*What you should do*:
No pictures belong in the copy. Set down exactly the lines from the one that contains "Photo 1 of 12pcs" through the end of the data.

*Excerpted records*:
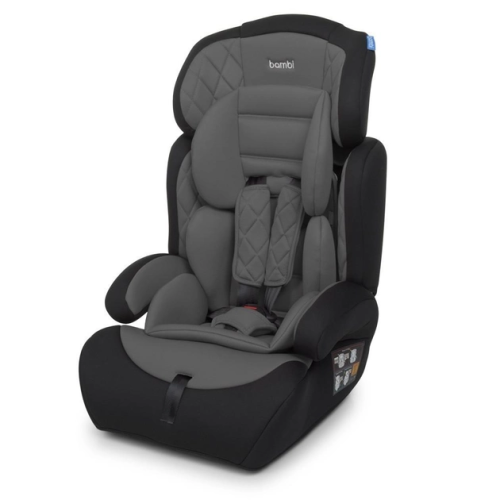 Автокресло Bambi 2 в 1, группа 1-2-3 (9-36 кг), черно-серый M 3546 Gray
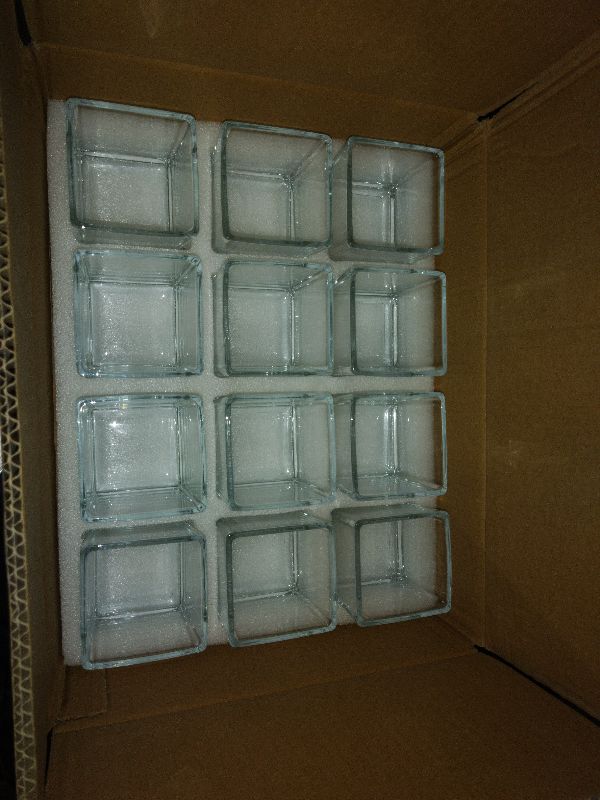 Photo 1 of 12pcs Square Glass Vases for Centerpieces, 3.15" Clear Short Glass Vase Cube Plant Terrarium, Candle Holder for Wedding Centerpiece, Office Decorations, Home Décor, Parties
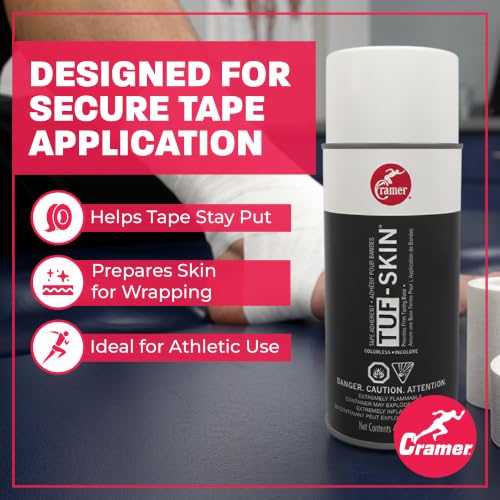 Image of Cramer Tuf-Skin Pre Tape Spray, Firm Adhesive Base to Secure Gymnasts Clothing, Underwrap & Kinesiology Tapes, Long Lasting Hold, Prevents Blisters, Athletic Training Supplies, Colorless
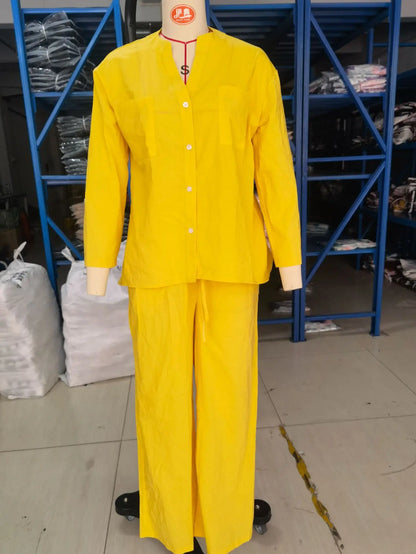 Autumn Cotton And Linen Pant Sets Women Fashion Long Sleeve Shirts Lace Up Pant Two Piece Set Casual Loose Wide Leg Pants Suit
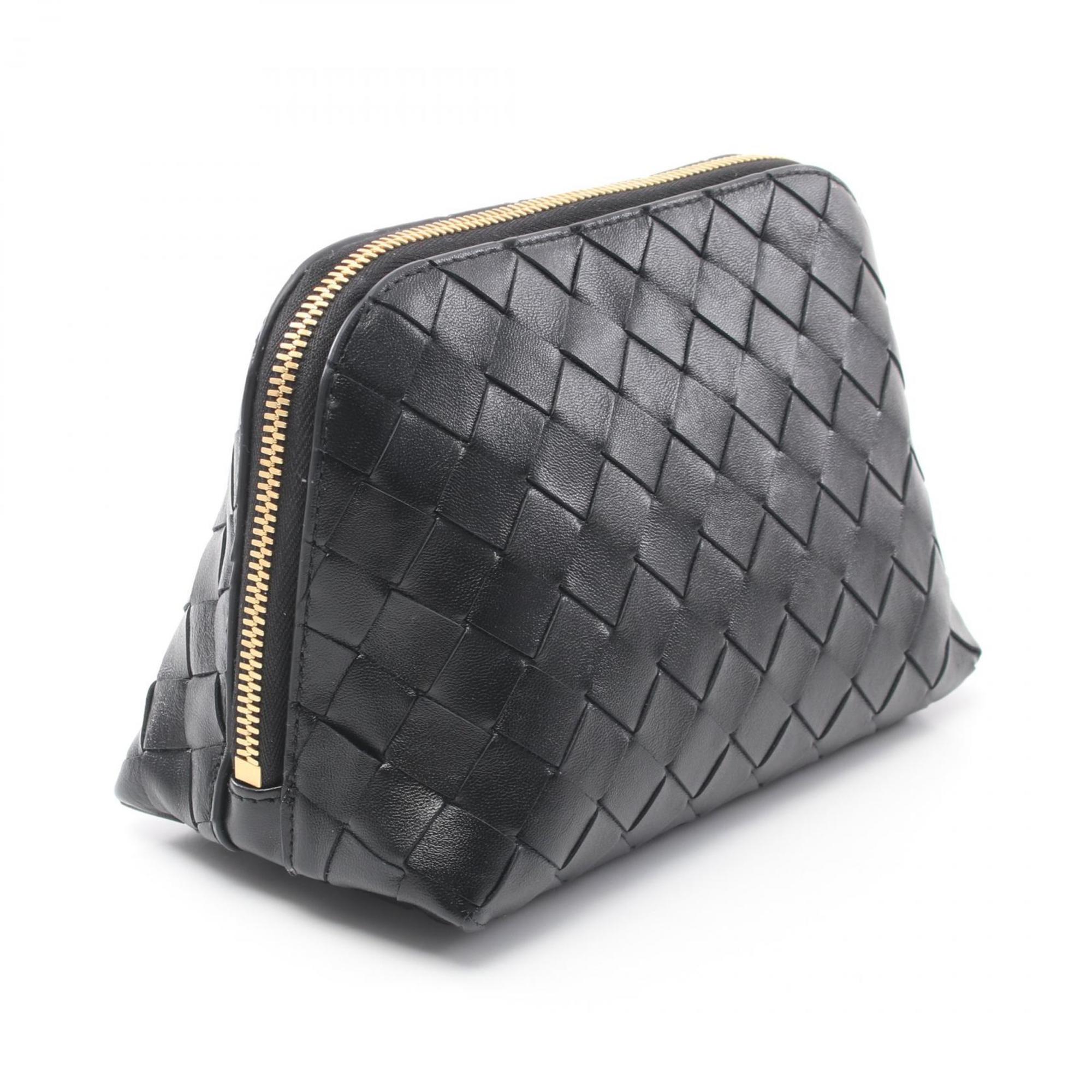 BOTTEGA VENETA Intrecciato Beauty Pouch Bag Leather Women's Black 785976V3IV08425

*Reply*:
 Photo 1 of 12pcs Square Glass Vases for Centerpieces, 3.15" Clear Short Glass Vase Cube Plant Terrarium, Candle Holder for Wedding Centerpiece, Office Decorations, Home Décor, Parties
 Image of Cramer Tuf-Skin Pre Tape Spray, Firm Adhesive Base to Secure Gymnasts Clothing, Underwrap & Kinesiology Tapes, Long Lasting Hold, Prevents Blisters, Athletic Training Supplies, Colorless
 Autumn Cotton And Linen Pant Sets Women Fashion Long Sleeve Shirts Lace Up Pant Two Piece Set Casual Loose Wide Leg Pants Suit
 BOTTEGA VENETA Intrecciato Beauty Pouch Bag Leather Women's Black 785976V3IV08425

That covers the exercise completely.